KELLY EVANS (CO-HOST): So what's the strategy here, and how does the public feel about it? Well, let's bring in Derek Thompson. He's a writer at The Atlantic and coauthor of the new book, Abundance. Alright, Derek, have at it. I mean, where do we start? Do we say, well, the stock market reaction is one thing, but we're trying to do something different for this country.

We're trying to make housing affordable again, and I don't know. Where is your — where would you point our attention?

DEREK THOMPSON (AUTHOR): To be totally honest, Kelly, I've been listening the last 10 minutes of this show. I cannot believe what I'm listening to. I heard your last guest say if the economy shrinks, that's good. If the stock market goes down, that's good. If the housing market crashes, that's good. If there's a trade war, that's good. When did the capital class get taken over by degrowther protectionists seeking 19th century autarky?

EVANS: OK. But, Derek, let me just jump in for a second. Because if there's one refrain we've heard from millennials over the past several years, it's that the dream is gone. They can't afford a house. Groceries are too expensive.

TYLER MATHISEN (CO-HOST): It's literally the first chapter of Abundance.

EVANS: It's apparently the first chapter of your book. So aren't you a little surprised to hear the globalist, the pro stock market types who are supposed to be at fault for all of this, now reading out of your book and saying we're bringing prices back down?

THOMPSON: They're — no. They're crashing the economy. That's very, very different than making housing affordable. If you want affordable housing, you need a job. If you crash the economy, you're going to have unemployment.

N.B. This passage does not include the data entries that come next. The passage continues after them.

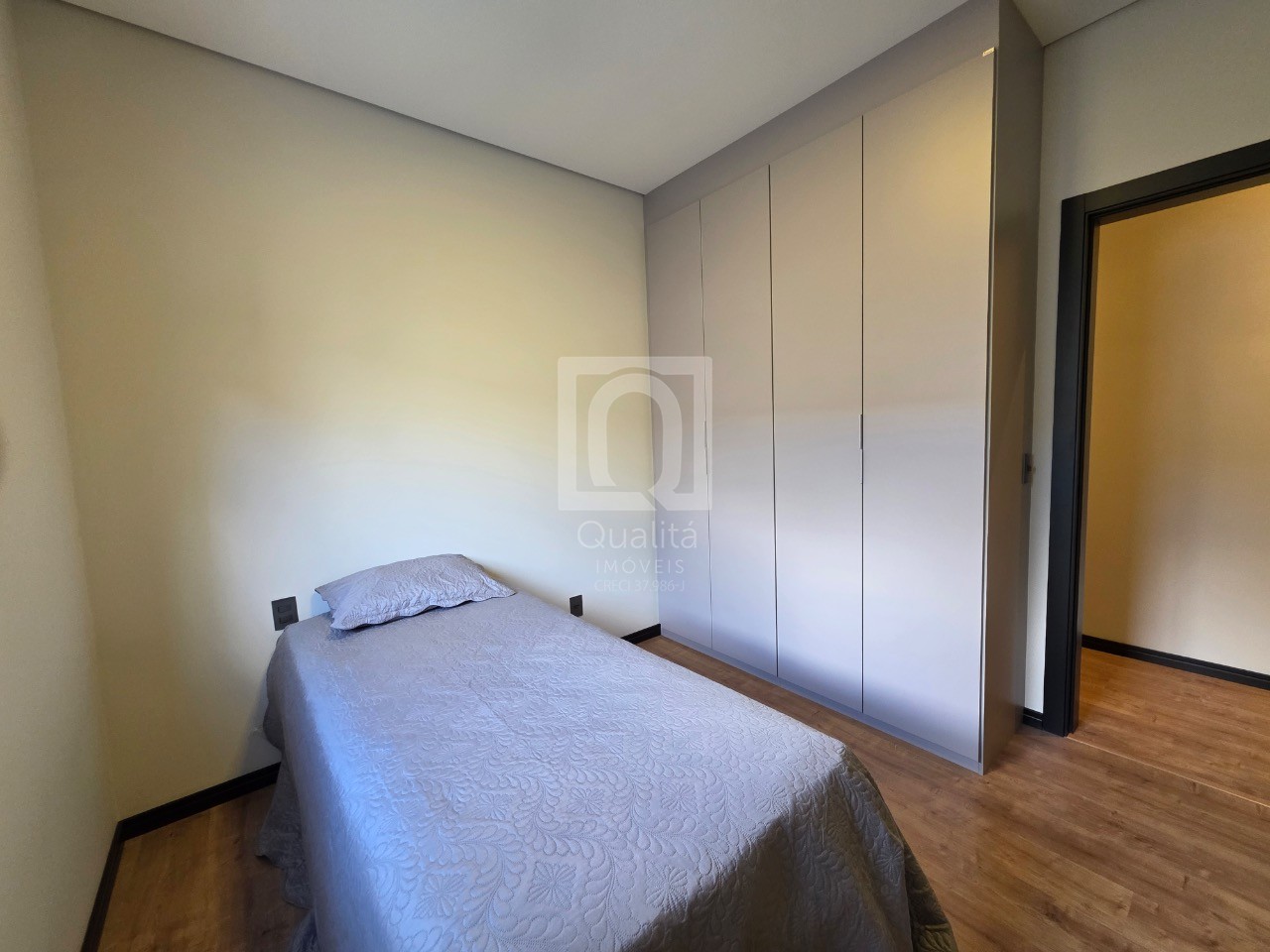 Casa de Condomínio, 3 quartos - Foto 20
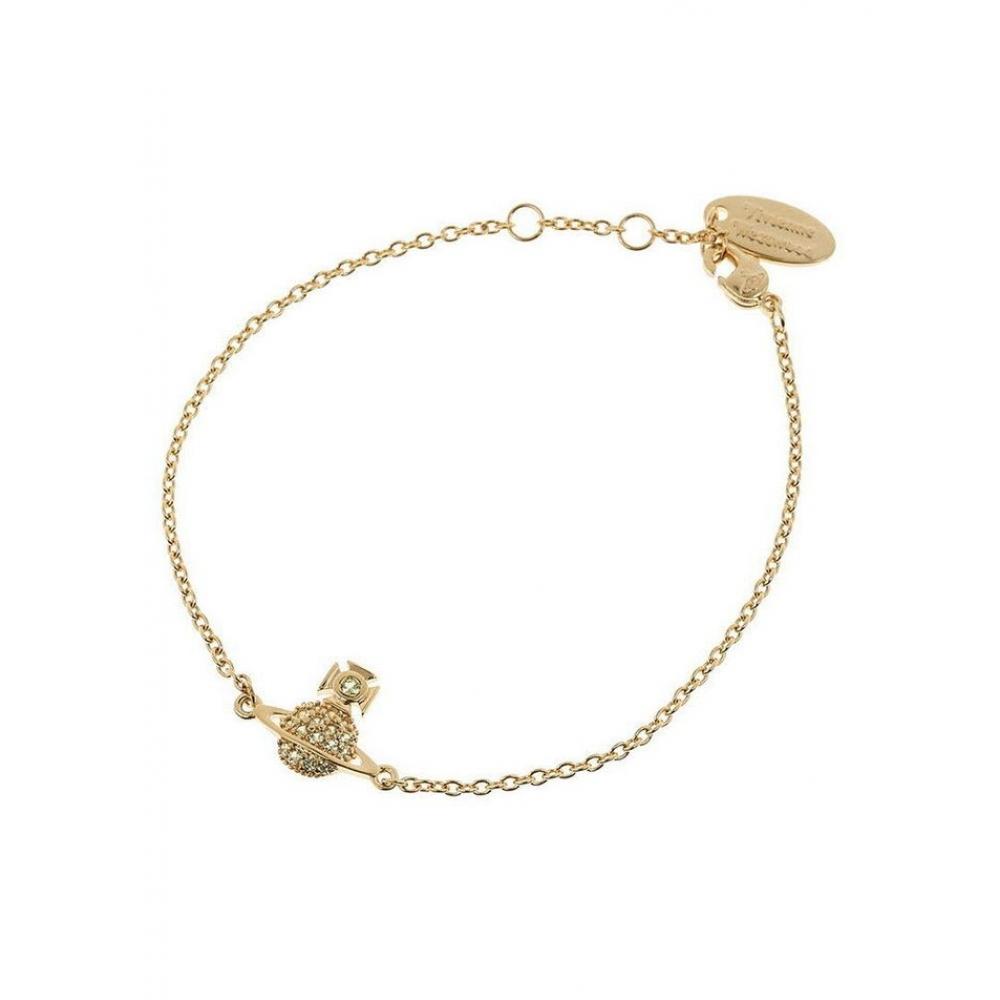 

Vivienne Westwood Women s Tamia Bracelet 61020133 R134 61020133R13406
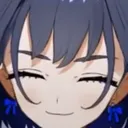 HEFSKroniiSmile HEFSKroniiSmile
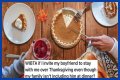 I Invited My Boyfriend to a Family Dinner and It Ruined My Life – Story of the Day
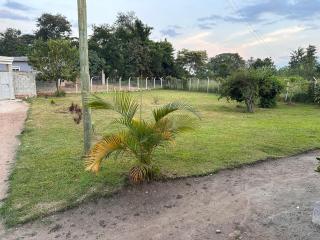 Peryn Suites, Mparo - Hoima City, Uganda - 4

And whenever unemployment hits an economy, as we just saw in 2008 and we saw before in the 1990s, who loses their jobs first? It's last one and first one out. It's young people. So if your job or if your plan is to crash the economy in the short term for the purpose of helping young people afford a house, you have got it totally backward. Young people need jobs, they need money, and then they need a plan to make housing affordable, right?

Donald Trump could have come into office and said, what I want to do is to make the construction of housing affordable. That means the inputs to housing. Instead, he slaps a 25% tariff on Canada, which we import our lumber from, and a 25% tariff on Mexico that we get drywall gypsum from, thus immediately raising two of the most important inputs for housing by 25%. This is a strategy to make housing less affordable at the same time that you make it harder for young people to keep a job because the stock market's puking.

This is not the way to go about abundance. This is scarcity meeting scarcity. This is Trump saying we don't have enough housing, so, you know, we need fewer immigrants. Or we don't have manufacturing in the U.S., so we need less trade. Abundance is a positive sum way of looking at the economy.

It says we can grow if we invest in housing. We can have a strategy that seeks to make more of what we need in the U.S. without trying to cut ourselves off from the entire global economy. I completely reject the idea that what Trump is pursuing is anything like abundance.